I've seen a lot of games use something similar to a .DAT file or a specific file type that the game has for itself. I'm just beginning with C++ and DirectX and I was interested in keeping my information in something similar to a .DAT.
My initial conception was that it would hold information on the files you wanted to store within the .DAT file. Something similar to a .RAR file. Unfortunately, my googleing skills did not help me in finding the answers.
Right now I'm simply loading textures and sound files from a folder called Data.
EDIT: While I understand that .DAT is short for data, and I've found that a .DAT file generally contains any assortment of information, I'm still unsure about how to go about doing something as packing images and sound files into any type of file and being able to read them.
I'm not sure about using fstreams to achieve my task, however I will look into streams related to storing data and how to properly read from that data. Meanwhile if anyone has another answer to offer based on this new information, it would be appreciated.
EDIT: Thanks to the answers, I stumbled across a similar question on stackoverflow and felt I'd share it here. Combining resources into a single binary file
I don't think there is really such thing as .dat file format. It's short for "data," and different applications just put in some proprietary stuff in it and call it ".dat." You can read up on fstream classes to do file IO in C++. See Input/Output with files.
What you then do is make up your own file format. For example, first 4 byte is int that indicates the number of blocks in the .dat and for each block, you have 4 byte indicating the length of each block, 4 byte indicating the type of the block, the variable length data itself .. something like that.
DAT obviously stands for data, and there is no real or de facto standard on what that extension actually refers to. Your decisions on the best file formats should be based on technical considerations, not pointless attempts at security through obscurity.
Professional games use a technique where they put all the needed resources (models, textures, sounds, ai, config, etc) zipped/packed into a single file thus making it faster to manage, harder to change (some even make use of a virtual filing system from what's inside the data file). Now, for what's inside the file is different depending on the needs of the game and the data structures that you use.
If you're just starting into gamedev, i recommend you stick with keeping all you assets separate and don't bother too much about packing them into a single file.
Now if you really want to start using a packed format here's a good pointer:
Creating a PAK File Format
Here's a link which claims that .dat is a movie format, 'DAT' being short for Digital Audio Tape.
I'm not sure I believe the link, but I do remember something about a Microsoft supported format called DAT, from long ago, when I used an earlier version of Windows.
It makes more sense as a logical extension for a DATA file of some kind.
.dat, as others have said, is literally just a data file. In reality, the file extension means nothing other than association with a program. For example, I could make a word processor that saves all the documents with the .mp3 file extension. These files wouldn't be playable in any media software, but the software might try. File extensions are used to help programs know what types of files they can and cannot open--however those rules don't have to be followed.

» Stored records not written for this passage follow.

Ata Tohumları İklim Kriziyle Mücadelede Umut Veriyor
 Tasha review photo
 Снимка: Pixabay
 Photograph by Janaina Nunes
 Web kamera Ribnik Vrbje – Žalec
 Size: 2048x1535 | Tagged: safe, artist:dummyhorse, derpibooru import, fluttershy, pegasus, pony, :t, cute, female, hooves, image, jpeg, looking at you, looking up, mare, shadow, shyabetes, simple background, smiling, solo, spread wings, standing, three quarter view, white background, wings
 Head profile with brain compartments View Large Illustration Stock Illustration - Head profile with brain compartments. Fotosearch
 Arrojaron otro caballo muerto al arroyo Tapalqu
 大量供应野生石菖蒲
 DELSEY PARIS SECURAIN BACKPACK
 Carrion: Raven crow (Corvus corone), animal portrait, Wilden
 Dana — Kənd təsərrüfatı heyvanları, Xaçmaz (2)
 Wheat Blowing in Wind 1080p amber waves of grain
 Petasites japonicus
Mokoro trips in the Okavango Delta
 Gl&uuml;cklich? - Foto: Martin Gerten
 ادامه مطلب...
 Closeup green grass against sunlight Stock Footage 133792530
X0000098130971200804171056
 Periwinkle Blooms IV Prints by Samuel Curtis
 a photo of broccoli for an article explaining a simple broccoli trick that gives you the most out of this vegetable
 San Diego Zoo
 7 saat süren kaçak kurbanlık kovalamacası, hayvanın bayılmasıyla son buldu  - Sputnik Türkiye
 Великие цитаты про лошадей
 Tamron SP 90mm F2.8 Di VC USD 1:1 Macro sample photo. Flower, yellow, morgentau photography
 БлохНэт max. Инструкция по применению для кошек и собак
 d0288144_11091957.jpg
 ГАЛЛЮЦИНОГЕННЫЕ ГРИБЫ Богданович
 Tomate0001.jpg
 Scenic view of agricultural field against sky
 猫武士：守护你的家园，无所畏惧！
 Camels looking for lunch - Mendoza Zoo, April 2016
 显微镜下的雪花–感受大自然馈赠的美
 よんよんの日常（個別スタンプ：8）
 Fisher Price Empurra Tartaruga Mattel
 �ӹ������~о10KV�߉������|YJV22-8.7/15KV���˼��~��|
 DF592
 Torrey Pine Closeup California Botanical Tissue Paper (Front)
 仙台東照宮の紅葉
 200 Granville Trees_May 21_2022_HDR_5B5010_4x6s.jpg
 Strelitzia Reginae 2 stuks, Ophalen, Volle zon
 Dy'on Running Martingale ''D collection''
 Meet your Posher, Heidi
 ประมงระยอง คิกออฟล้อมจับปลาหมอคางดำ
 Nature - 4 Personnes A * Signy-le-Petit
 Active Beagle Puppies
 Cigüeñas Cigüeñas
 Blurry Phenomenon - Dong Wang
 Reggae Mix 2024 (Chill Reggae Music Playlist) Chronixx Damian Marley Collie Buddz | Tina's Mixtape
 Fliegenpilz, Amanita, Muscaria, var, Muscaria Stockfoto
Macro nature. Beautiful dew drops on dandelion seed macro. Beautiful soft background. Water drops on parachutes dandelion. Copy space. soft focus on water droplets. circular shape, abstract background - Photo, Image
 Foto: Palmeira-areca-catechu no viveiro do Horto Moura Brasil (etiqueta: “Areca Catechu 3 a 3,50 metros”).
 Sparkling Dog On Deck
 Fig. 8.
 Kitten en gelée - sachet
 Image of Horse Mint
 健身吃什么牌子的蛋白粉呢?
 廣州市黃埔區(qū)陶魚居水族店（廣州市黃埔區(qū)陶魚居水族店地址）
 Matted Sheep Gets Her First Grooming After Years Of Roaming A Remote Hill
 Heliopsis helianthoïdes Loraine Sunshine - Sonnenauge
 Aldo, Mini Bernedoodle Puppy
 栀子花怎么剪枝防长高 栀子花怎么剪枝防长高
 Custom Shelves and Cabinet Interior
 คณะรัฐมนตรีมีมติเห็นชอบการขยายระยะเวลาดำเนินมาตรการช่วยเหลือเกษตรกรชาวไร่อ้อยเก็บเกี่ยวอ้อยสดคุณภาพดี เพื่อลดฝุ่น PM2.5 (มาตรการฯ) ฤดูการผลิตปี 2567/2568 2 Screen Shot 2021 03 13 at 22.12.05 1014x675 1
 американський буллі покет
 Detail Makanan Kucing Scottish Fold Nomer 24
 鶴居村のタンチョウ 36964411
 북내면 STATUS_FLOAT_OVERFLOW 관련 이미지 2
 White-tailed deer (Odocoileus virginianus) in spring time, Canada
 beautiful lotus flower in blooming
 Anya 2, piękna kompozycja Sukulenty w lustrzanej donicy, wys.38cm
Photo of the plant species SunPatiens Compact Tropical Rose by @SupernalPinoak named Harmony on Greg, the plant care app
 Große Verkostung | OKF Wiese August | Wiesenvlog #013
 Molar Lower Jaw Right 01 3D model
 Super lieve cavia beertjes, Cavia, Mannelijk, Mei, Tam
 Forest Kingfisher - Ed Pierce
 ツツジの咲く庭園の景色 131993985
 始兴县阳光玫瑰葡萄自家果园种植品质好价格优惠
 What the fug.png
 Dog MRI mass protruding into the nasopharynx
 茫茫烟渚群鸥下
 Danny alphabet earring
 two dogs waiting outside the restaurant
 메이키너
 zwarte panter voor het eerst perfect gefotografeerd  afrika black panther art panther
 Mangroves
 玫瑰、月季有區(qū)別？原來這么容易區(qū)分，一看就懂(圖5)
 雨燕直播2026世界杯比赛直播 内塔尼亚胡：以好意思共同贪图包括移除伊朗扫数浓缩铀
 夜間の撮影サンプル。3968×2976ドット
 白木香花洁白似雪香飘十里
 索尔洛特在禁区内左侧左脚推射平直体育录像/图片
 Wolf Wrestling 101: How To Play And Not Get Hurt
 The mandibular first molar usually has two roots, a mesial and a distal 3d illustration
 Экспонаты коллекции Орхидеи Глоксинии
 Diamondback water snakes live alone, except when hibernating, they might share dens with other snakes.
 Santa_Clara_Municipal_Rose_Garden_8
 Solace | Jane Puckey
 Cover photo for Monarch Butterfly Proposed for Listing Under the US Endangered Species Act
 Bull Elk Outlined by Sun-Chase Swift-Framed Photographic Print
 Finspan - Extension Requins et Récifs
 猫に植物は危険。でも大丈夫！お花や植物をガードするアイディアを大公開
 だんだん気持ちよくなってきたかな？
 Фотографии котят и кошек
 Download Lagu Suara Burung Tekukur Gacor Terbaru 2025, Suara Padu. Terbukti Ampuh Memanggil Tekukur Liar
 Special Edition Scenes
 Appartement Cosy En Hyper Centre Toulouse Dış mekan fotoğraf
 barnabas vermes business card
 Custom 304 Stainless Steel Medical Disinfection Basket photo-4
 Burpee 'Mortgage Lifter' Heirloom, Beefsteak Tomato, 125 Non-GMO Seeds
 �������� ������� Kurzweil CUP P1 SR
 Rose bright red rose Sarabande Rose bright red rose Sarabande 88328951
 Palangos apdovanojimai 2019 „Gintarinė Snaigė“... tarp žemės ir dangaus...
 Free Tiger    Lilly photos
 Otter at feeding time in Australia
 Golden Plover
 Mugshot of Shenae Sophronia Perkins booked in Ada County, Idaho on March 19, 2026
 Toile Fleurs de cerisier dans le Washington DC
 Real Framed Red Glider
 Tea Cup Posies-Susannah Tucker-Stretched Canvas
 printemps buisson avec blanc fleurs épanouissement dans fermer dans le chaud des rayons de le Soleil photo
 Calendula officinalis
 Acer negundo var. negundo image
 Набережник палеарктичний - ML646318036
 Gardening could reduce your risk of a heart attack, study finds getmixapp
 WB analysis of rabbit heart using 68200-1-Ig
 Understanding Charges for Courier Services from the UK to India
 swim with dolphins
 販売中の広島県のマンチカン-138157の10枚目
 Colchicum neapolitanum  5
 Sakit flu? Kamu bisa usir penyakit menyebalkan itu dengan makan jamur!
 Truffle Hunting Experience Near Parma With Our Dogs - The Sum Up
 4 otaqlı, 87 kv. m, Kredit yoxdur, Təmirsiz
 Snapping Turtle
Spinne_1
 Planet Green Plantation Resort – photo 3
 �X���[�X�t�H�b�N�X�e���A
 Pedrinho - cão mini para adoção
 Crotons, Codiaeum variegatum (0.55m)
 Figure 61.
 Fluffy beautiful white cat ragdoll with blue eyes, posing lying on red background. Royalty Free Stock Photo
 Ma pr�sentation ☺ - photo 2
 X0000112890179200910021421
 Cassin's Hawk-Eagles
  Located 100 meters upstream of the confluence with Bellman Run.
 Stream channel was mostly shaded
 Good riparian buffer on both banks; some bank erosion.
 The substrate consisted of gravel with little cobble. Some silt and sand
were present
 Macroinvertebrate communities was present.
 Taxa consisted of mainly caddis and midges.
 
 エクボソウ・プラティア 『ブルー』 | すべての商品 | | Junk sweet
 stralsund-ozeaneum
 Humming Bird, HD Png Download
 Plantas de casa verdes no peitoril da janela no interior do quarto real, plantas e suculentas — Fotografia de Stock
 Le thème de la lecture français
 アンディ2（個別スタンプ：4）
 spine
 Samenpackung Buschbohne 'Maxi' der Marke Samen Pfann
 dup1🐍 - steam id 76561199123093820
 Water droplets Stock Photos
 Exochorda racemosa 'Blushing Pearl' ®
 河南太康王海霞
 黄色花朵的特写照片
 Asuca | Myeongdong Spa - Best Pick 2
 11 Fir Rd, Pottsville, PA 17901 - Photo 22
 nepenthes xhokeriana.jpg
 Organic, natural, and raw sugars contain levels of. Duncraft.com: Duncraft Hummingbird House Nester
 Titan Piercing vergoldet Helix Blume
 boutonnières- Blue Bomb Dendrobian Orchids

Anyway, you can dump any sort of information to a file. Programmers/software writers will often choose .dat as the extension of that file because it has become the standard to signify 'this file just holds a ton of data' and that the data doesn't necessarily hold any standardized headers, footers, or formatting.
A dat file could really contain anything. It might be as simple as a zip archive with the extension changed, or it could be a completely custom file type. If you're just starting out, you probably don't want to write your own file format, although doing so can be fun and educational. If you want to encapsulate your data files into some kind of container, you should probably go with a zip, paq, or maybe tar.gz.